### What you need to do
Whenever the string "Holland" appears in a line below, please copy the line out.

Records from a collection

_____

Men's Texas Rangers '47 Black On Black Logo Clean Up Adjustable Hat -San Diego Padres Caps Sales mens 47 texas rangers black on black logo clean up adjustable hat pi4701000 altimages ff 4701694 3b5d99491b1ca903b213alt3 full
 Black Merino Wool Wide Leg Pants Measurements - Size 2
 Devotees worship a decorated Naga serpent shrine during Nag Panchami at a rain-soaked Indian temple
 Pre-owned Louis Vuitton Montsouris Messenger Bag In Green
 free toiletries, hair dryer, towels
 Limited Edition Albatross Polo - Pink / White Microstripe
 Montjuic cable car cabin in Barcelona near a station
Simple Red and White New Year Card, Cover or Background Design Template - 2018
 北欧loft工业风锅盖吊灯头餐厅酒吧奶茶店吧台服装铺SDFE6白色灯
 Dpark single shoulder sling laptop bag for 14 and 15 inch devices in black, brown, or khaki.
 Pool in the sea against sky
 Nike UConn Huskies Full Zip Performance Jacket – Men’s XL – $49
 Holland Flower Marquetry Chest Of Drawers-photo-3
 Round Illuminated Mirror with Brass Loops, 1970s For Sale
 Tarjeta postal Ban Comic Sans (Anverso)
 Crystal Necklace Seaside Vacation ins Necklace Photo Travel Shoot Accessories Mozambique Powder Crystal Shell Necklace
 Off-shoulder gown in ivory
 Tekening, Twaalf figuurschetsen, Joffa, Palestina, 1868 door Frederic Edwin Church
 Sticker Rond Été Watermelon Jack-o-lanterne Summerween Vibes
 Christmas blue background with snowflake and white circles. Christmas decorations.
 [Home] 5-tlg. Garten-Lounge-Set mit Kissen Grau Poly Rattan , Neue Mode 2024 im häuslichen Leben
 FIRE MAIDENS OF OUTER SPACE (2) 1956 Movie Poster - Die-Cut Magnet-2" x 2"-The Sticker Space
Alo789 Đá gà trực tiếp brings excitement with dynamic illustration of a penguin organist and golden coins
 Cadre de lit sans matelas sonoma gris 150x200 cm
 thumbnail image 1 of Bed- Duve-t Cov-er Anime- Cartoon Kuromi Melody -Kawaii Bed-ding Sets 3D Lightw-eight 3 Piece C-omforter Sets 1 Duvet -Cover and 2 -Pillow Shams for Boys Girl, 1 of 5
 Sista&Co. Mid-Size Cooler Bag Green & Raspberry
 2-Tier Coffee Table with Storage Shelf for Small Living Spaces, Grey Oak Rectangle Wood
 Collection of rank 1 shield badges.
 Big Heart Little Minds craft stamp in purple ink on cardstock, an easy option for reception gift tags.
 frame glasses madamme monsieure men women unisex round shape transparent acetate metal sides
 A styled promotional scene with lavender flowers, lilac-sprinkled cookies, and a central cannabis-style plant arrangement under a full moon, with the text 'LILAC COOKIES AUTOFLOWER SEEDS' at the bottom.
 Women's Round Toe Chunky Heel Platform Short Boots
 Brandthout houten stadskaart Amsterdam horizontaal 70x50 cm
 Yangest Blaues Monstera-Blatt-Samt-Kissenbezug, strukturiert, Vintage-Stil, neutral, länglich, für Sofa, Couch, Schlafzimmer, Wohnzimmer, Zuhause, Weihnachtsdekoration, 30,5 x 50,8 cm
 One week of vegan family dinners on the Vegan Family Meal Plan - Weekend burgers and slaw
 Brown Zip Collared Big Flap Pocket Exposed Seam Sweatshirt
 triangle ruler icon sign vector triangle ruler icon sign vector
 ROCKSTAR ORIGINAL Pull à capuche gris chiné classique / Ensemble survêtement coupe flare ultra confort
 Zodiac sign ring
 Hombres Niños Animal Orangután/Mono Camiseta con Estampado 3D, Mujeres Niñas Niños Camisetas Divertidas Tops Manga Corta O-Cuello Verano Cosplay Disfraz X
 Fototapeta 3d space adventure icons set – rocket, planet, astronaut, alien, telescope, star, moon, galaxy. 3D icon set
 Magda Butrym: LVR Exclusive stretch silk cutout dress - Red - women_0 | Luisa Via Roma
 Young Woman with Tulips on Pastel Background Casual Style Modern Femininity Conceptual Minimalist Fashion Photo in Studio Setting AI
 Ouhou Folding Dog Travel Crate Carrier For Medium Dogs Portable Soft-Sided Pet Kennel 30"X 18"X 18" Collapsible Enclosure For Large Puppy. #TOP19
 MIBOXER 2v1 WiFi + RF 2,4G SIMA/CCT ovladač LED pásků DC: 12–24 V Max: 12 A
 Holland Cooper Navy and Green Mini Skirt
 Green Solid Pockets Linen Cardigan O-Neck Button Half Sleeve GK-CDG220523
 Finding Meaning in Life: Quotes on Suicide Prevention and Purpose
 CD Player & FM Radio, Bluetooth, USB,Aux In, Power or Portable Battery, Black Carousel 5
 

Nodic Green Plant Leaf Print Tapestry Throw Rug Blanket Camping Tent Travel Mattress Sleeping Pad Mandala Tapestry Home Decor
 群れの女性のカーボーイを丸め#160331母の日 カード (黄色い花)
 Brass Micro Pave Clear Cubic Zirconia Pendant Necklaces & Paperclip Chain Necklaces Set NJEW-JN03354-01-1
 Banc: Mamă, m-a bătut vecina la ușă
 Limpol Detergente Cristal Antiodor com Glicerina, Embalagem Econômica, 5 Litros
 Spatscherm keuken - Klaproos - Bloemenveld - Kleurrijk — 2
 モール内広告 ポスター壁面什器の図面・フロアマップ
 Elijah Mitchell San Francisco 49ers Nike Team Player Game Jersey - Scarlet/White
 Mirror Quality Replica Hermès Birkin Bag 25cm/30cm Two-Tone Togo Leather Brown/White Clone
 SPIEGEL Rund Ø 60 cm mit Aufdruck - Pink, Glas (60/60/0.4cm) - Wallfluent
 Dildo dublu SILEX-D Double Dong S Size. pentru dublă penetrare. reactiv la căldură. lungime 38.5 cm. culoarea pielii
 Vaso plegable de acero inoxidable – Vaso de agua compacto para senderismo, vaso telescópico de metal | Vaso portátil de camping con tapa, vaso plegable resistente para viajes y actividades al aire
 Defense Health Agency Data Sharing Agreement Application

_____

### Exercise output
 Holland Flower Marquetry Chest Of Drawers-photo-3
 Holland Cooper Navy and Green Mini Skirt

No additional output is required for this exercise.